Banishment needed to change. Any spell or action that can finish a fight in one casting is no good for the game. Did they need to change it to add save chances? No, but if they didn't do it that way they needed to remove the permanent banishment aspect and maybe shorten the effect to 30 seconds.
Moonbeam and flaming sphere as non concentration....I could buy that. Maybe drop the damage on moonbeam to1d10 and scale based on every two levels of upcasting. Fir flaming sphere they could just eliminate the ramming into creatures feature.
Question: Have either of you actually played a character that uses Flaming Sphere / Moonbeam? Cause it sounds like not.
Moonbeam requires an Action to move it. It is balanced against Call Lightning which is also an Action to use.

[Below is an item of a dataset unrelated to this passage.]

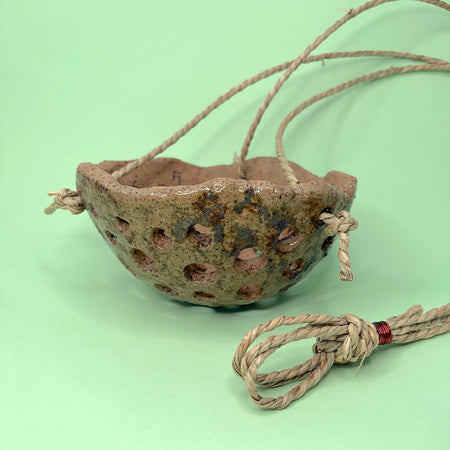 Ceramic dome hanging orchid pot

Flaming Sphere, outside of ramming it into creatures, only does damage at the end of a creature's turn. Unless the enemy is restrained (most spells that do that also require concentration) or grappled (limiting a martial character to a one-handed weapon which deals far less damage than a 2-handed one) the enemy can easily walk out of the radius on their turn and take 0 damage. And because the radius of Flaming Sphere is so small 90% of the time they can make that movement without even provoking an Attack of Opportunity. Plus Flaming Sphere can hurt your allies as well, so depending on the turn order you can end up forcing your friend to choose between an AoO or Flaming Sphere damage.
Even with requiring Spiritual Weapon to have concentration it is a significantly better spell than Flaming Sphere. SW can: (1) fly and hit enemies that aren't on the ground (FS cannot) (2) deals force damage that is unlikely to be resisted (FS deals fire damage the most resisted / immune in the game) (3) SW uses an attack roll thus can crit and has a higher change to be effective than the Dex save used by FS. (4) SW has a bigger damage die and now better scaling than FS.

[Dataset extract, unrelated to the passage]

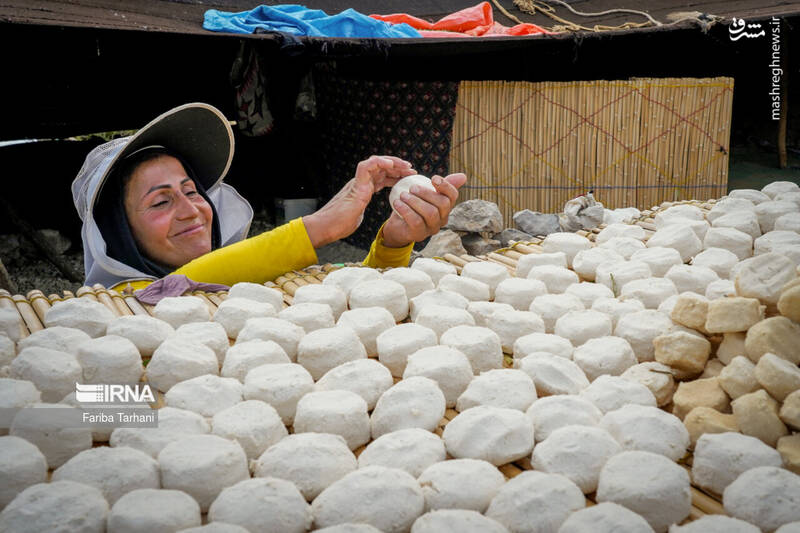 عکس/ عشایر بختیاری در ییلاق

Gonna disagree on the banishment issue. There are plenty of things that can finish fights in one action. Plenty of damage builds with martials can do that when facing magical style enemies which generally have lowish hit points. I've literally had a mid level party where the fighter killed a CR 18 creature in the first round in one action. And there is no legendary resistance against damage. Banishment being able to do it against the sub set of extra planar enemies is no worse than fighters doing it against magical enemies, or the myriad of other enemies with lowish hit points. And even when they don't finish it the fight is as good as over against a much wider group of enemies. People only have an issue when its the spell doing it though. There is nothing wrong with a encounter getting finished easily here and there. Let players have their awesome moments where they shine and end a powerful threat in one move, just don't make it the norm.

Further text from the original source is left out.